** YOUR ASSIGNMENT **
Everything in the data must be repeated exactly, apart from the pictures, which are left out.
____
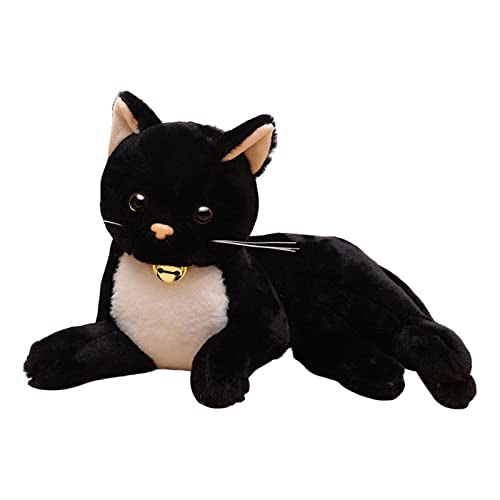 perfk Kuschelige Plüschkatze, weiche Plüschfigur, handgefertigtes Kuscheltier, Plüsch-Katzenspielzeug für Schlafenszeit, Freund, Kinder, Partybevorzugung, Schwarz 29cm von perfk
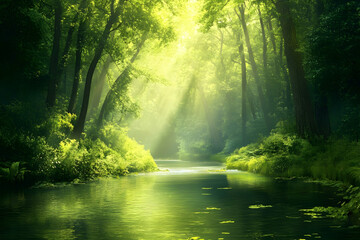 Obraz premium Serene forest river under sunlit canopy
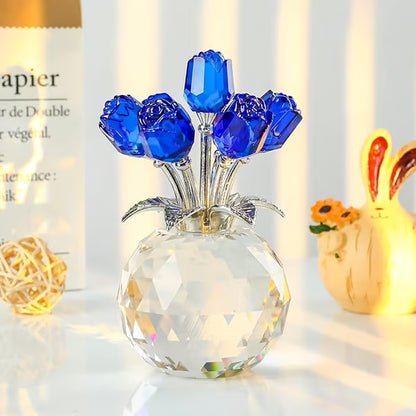 ❤️🌹Crystal Colorful Rose Flower Collectible Figurine with Vase
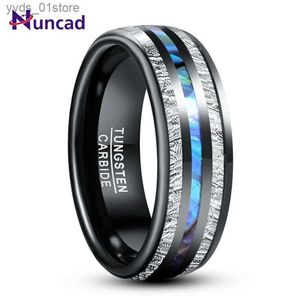 Bandringen NUNCAD 8 mm elektrische zwart ingelegde meteoriet Abalone schelp koepel wolfraam Caide ring herenmode bruiloft sieraden beste cadeau L240305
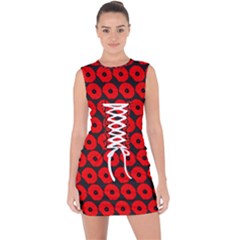 Charcoal And Red Peony Flower Pattern Lace Up Front Bodycon Dress by GardenOfOphir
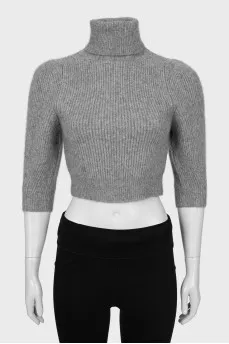 Cashmere sweater with short sleeves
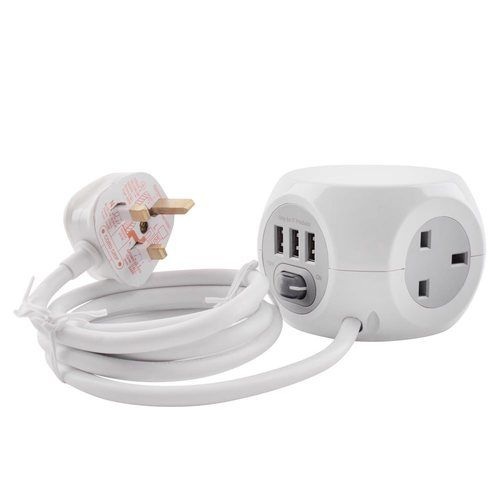 Zexum 3 Gang 1.4m Cube Socket with 3 USB Ports - White
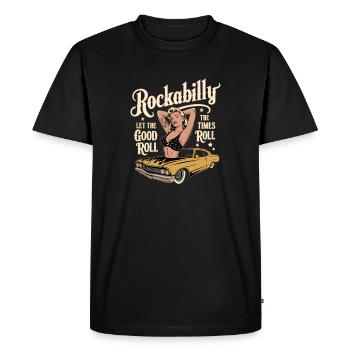 Rockabilly Let The Good Times Roll Retro - Men's Premium Organic T-Shirt - black - Front - Nico (187cm)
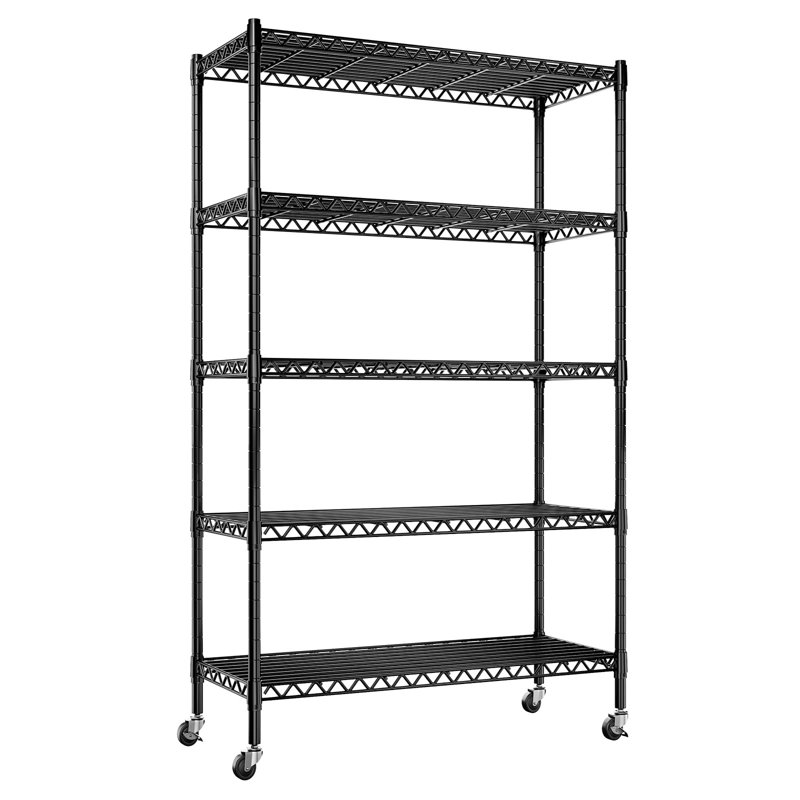 Étagère robuste à hauteur réglable avec roulettes, pieds de nivellement, (5 tablettes) H 82 po x l 36 po x P 18 po, Chrome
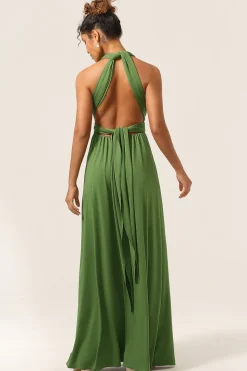 Charmoso A Line Olive Green Spandex Convertible Wear Long Bridesmaid Dress
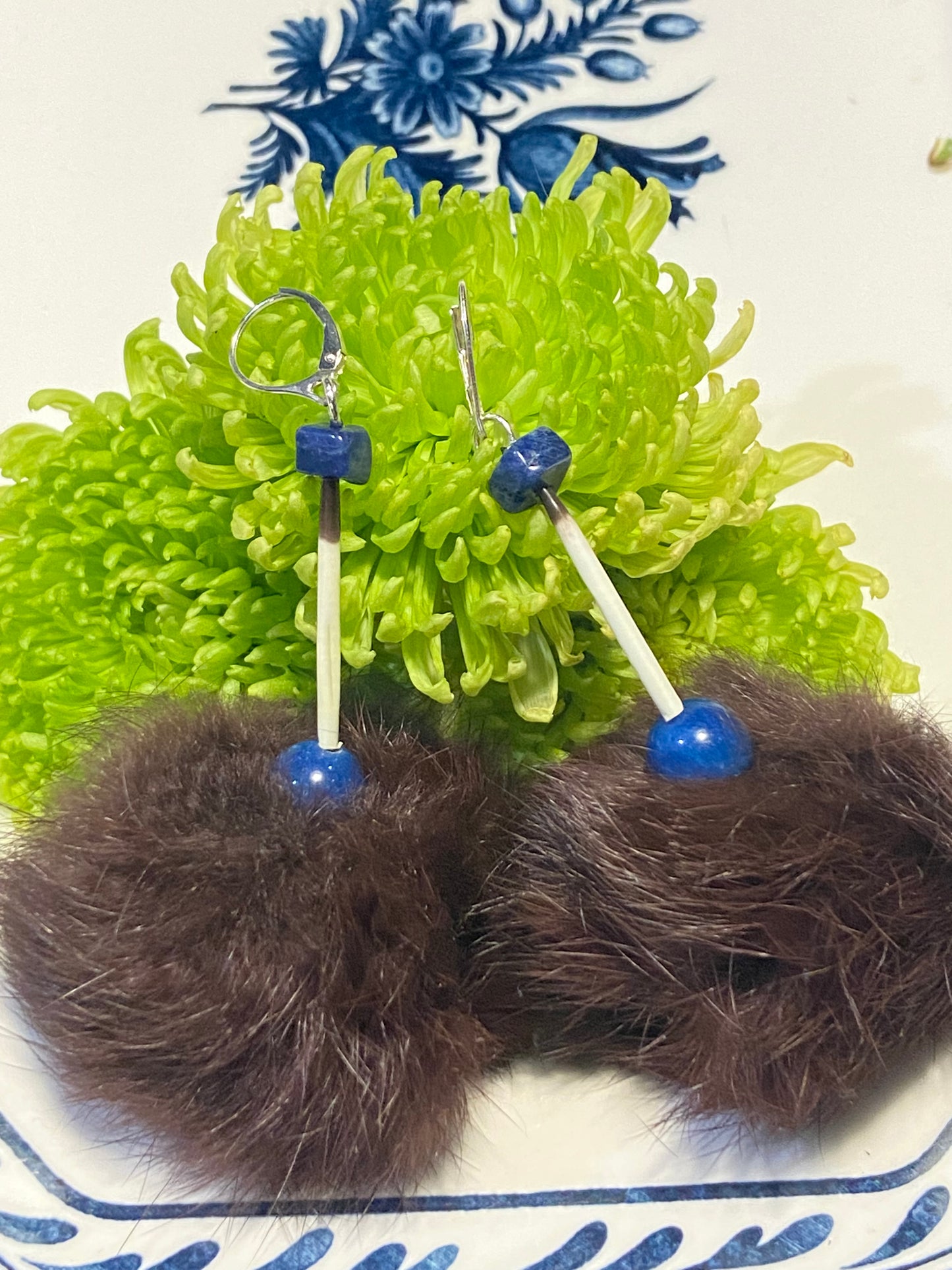 Reclaimed fur ball earrings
____
** TASK RESULT **
 perfk Kuschelige Plüschkatze, weiche Plüschfigur, handgefertigtes Kuscheltier, Plüsch-Katzenspielzeug für Schlafenszeit, Freund, Kinder, Partybevorzugung, Schwarz 29cm von perfk
 Obraz premium Serene forest river under sunlit canopy
 ❤️🌹Crystal Colorful Rose Flower Collectible Figurine with Vase
 Bandringen NUNCAD 8 mm elektrische zwart ingelegde meteoriet Abalone schelp koepel wolfraam Caide ring herenmode bruiloft sieraden beste cadeau L240305
 Charcoal And Red Peony Flower Pattern Lace Up Front Bodycon Dress by GardenOfOphir
 Cashmere sweater with short sleeves
 Zexum 3 Gang 1.4m Cube Socket with 3 USB Ports - White
 Rockabilly Let The Good Times Roll Retro - Men's Premium Organic T-Shirt - black - Front - Nico (187cm)
 Étagère robuste à hauteur réglable avec roulettes, pieds de nivellement, (5 tablettes) H 82 po x l 36 po x P 18 po, Chrome
 Charmoso A Line Olive Green Spandex Convertible Wear Long Bridesmaid Dress
 Reclaimed fur ball earrings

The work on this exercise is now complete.